START MATERIALS PROVIDED

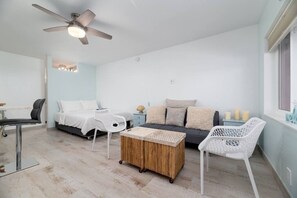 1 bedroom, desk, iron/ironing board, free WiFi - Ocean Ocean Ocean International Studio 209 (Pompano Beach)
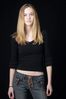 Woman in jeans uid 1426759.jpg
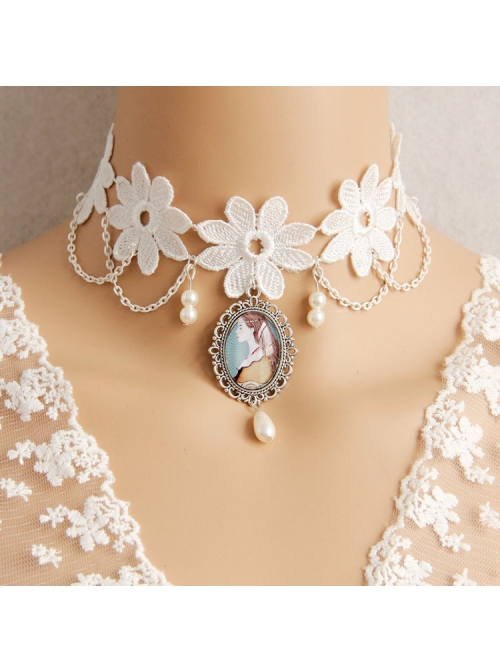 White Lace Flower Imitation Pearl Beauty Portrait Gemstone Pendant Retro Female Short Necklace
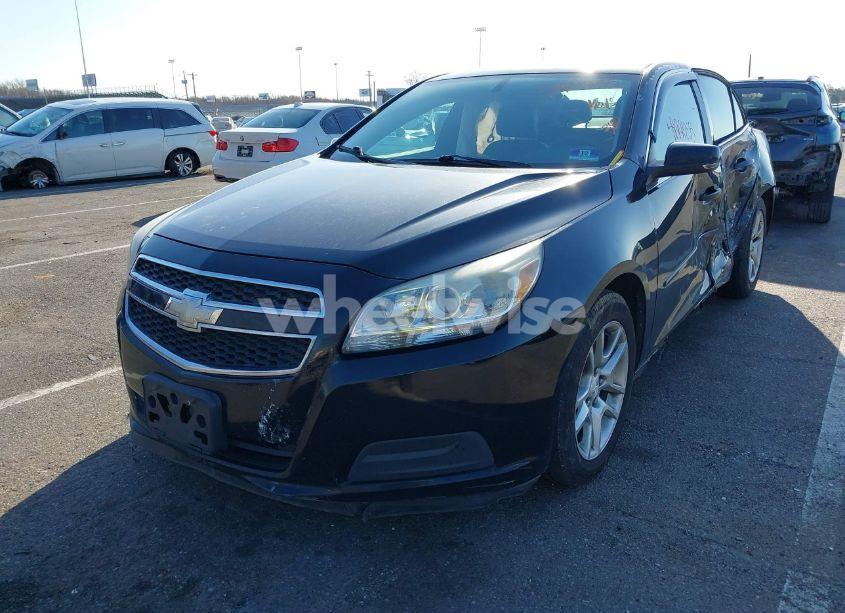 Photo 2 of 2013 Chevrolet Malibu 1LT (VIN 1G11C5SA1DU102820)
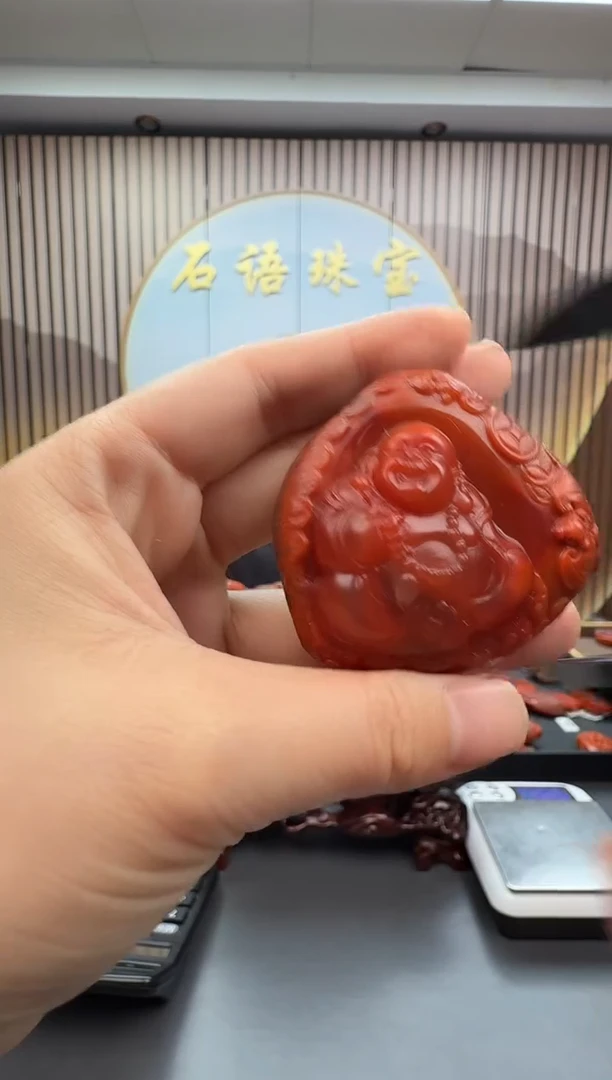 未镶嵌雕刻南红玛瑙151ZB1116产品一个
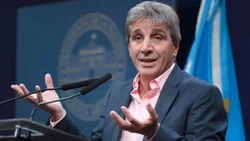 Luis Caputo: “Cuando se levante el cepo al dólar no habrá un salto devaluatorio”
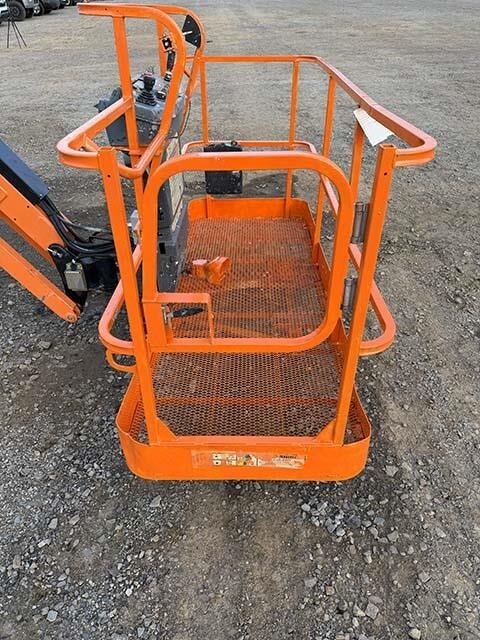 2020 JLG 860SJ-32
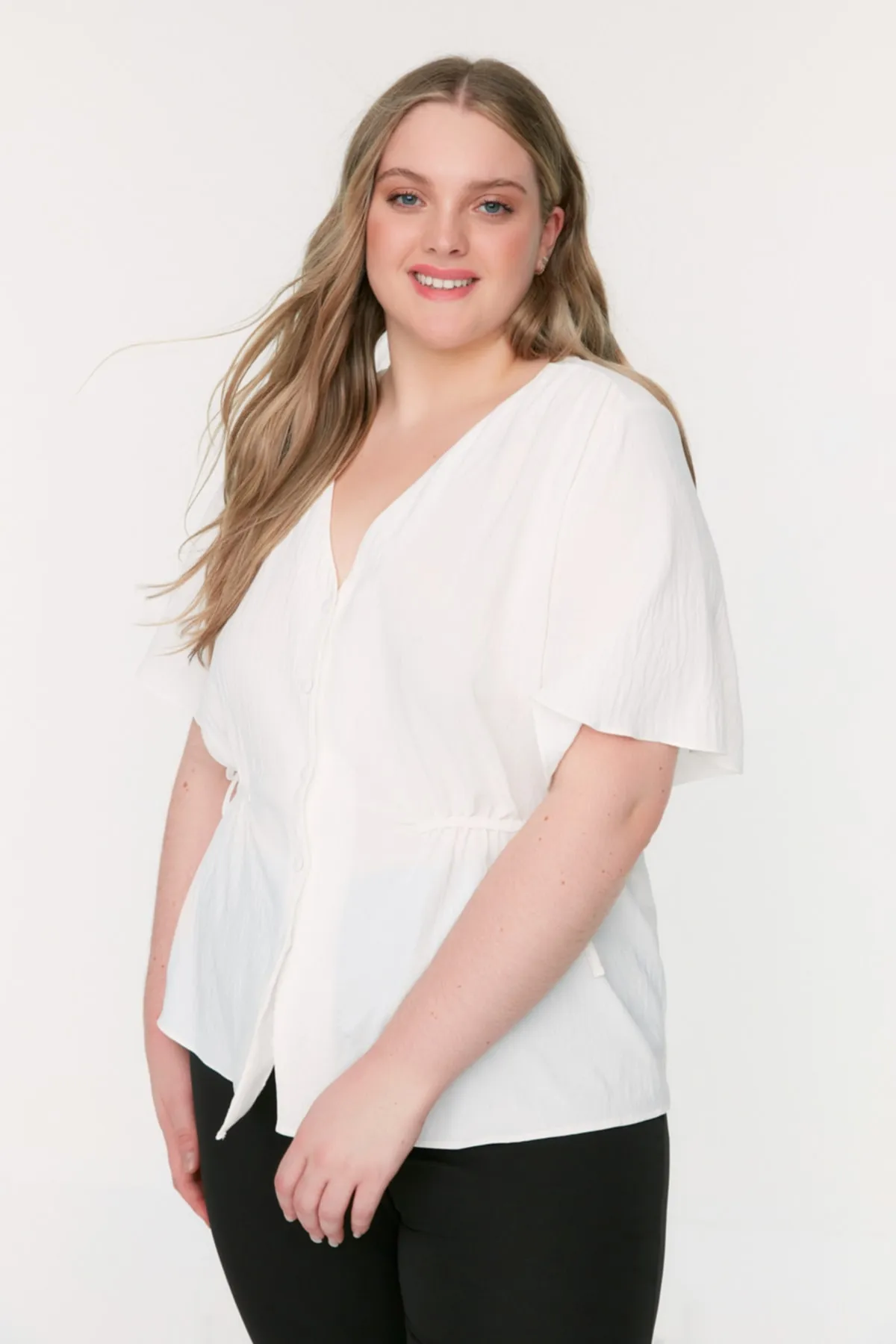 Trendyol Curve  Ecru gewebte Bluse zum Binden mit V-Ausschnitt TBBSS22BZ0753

END MATERIALS PROVIDED
START MATERIALS PROVIDED

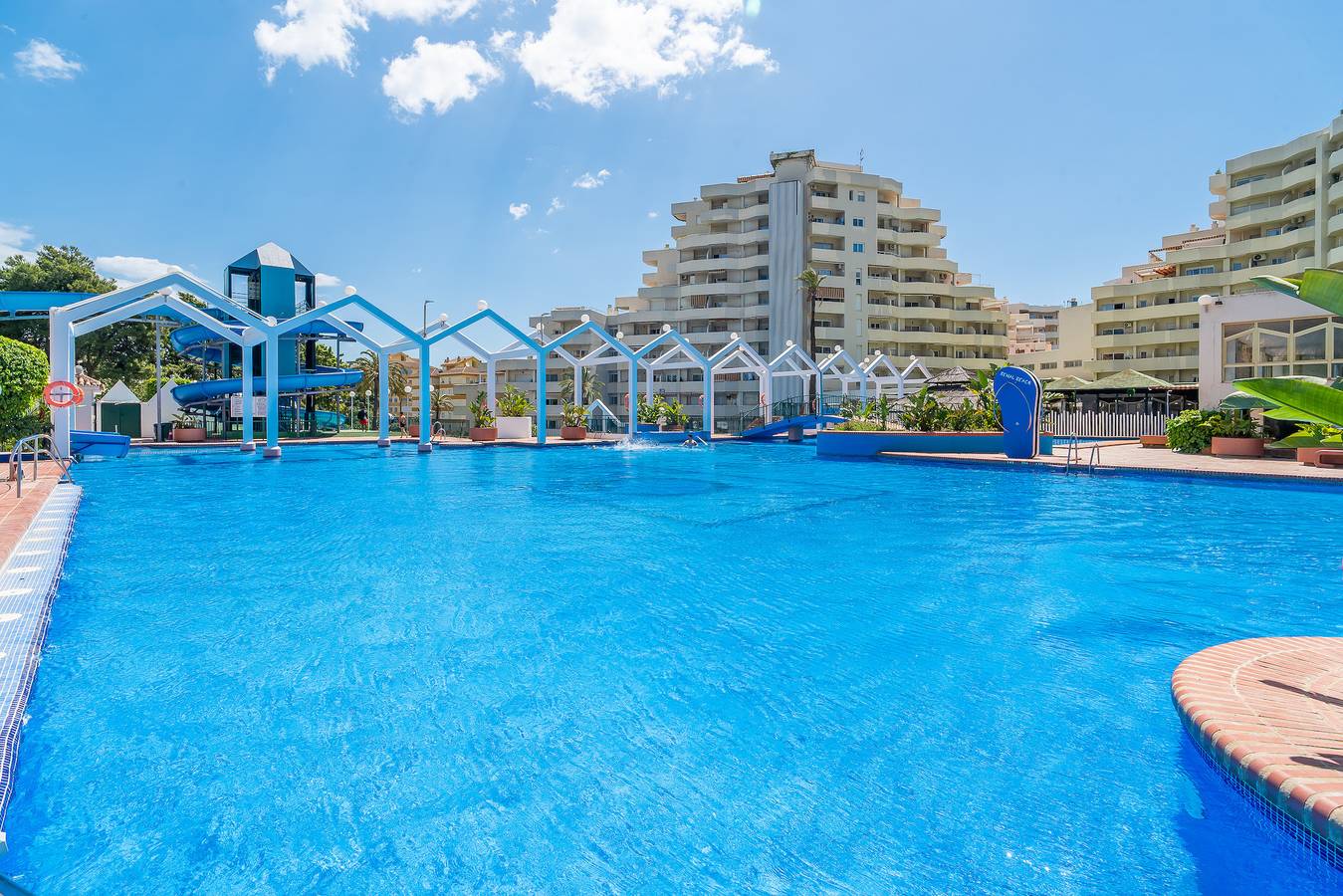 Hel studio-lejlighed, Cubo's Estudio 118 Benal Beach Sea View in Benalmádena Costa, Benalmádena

END MATERIALS PROVIDED

Copy word for word the span of the records above that begins at the line with "1 bedroom, desk, iron/ironing" and ends at the line with "mit V-Ausschnitt TBBSS22BZ0753", including those two lines but not the pictures.

 1 bedroom, desk, iron/ironing board, free WiFi - Ocean Ocean Ocean International Studio 209 (Pompano Beach)
 Woman in jeans uid 1426759.jpg
 White Lace Flower Imitation Pearl Beauty Portrait Gemstone Pendant Retro Female Short Necklace
 Photo 2 of 2013 Chevrolet Malibu 1LT (VIN 1G11C5SA1DU102820)
 未镶嵌雕刻南红玛瑙151ZB1116产品一个
 Luis Caputo: “Cuando se levante el cepo al dólar no habrá un salto devaluatorio”
 2020 JLG 860SJ-32
 Trendyol Curve  Ecru gewebte Bluse zum Binden mit V-Ausschnitt TBBSS22BZ0753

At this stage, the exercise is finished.